Des procureurs allemands ont confirmé le 4 Novembre qu’ils avaient découvert le trésor – signés d’artistes comme Marc Chagall, Albrecht Dürer, Paul Klee, Henri Matisse, Pablo Picasso et Pierre- Auguste Renoir – au début de 2012 dans le cadre d’une enquête de fraude fiscale. Mais ils ont caché ce fait au public jusqu’à ce qu’ils soient forcés de le révéler après que le magazine allemand Focus [Focus] eût publié des détails sur cette découverte dans un dossier du 3 Novembre.
Des groupes juifs en Allemagne et ailleurs, ainsi que les familles des survivants de l’Holocauste qui cherchent à récupérer les œuvres d’art pillées, se demandent pourquoi les autorités allemandes ont laissé passer deux ans avant de divulguer leur découverte, et le Département d’Etat américain appelle l’Allemagne à rendre les œuvres à leurs propriétaires légitimes.
Le trésor – estimé à environ € 1 milliard (1,35 milliard de dollars) – a été découvert dans un appartement remplie d’immondices où vivait un homme de 80 ans du nom de Cornelius Gurlitt. Selon Focus magazine, une grande partie de ces œuvres ont été achetées pour une somme dérisoire par le père de Cornelius, Hildebrand Gurlitt, à des juifs fuyant l’Allemagne pendant la Seconde Guerre mondiale.
La filature qui a conduit aux œuvres d’art a débuté en Septembre 2010 à bord d’un train allemand reliant la Suisse à Munich. Les fonctionnaires des douanes effectuant un contrôle de routine sur les passagers ont demandé à Cornelius ses papiers et ont eu des soupçons quand ils ont constaté qu’il avait sur lui une enveloppe contenant € 9.000 (12.000 $) en espèces à l’intérieur, le tout en billets neufs de 500 €.
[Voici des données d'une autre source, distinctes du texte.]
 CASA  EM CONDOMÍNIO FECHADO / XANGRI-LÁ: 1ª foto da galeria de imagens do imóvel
Le montant était dans la limite légale des 10.000 € pour les voyages en Europe et Cornelius a été autorisé à poursuivre son chemin, mais les douaniers sont restés suspicieux. En Mars 2012 (et non en 2011 comme Focus l’avait initialement déclaré) la police a mené une perquisition dans son appartement de Munich sur des accusations de fraude fiscale et de détournement de fonds. Une fois à l’intérieur de l’appartement, ils ont découvert une cachette contenant 121 œuvres encadrées et 1.285 œuvres non encadrées – dessins, peintures à l’huile, fusains, lithographies et aquarelles – qui étaient stockées de manière professionnelle derrière des montagnes de boîte de conserve.
Selon Focus magazine, au moins 300 pièces de la collection Gurlitt sont des classiques modernes du 20ème siècle, soi-disant » art dégénéré « , [degenerate art] un terme utilisé par le régime nazi pour décrire pratiquement tout l’art moderne. Le trésor contient également des chefs-d’œuvre et de nombreuses œuvres d’art jusque-là inconnues de « qualité remarquable « , la plus ancienne peinture remontant au 16ème siècle.
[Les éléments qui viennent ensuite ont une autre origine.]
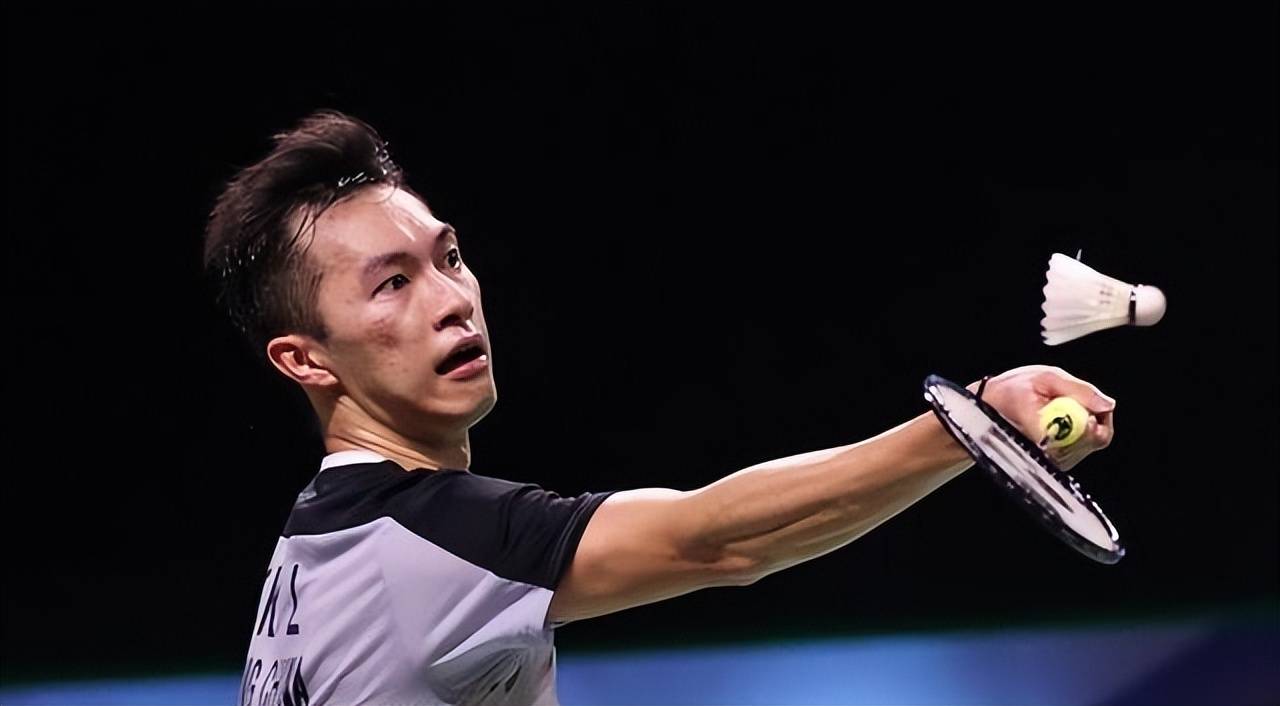 其整体实力 其整体实力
Cornelius a hérité les œuvres de son père, un marchand d’art qui, dans la période qui a précédé la Seconde Guerre mondiale, avait été chargé de la confiscation des œuvres d’art pour les nazis. Certaines œuvres ont été saisies dans des musées, tandis que d’autres ont été volées ou achetées à une fraction de leur valeur à des collectionneurs juifs qui ont été contraints de vendre. Les pièces ont souvent été vendues hors d’Allemagne afin d’avoir des devises fortes pour le régime nazi.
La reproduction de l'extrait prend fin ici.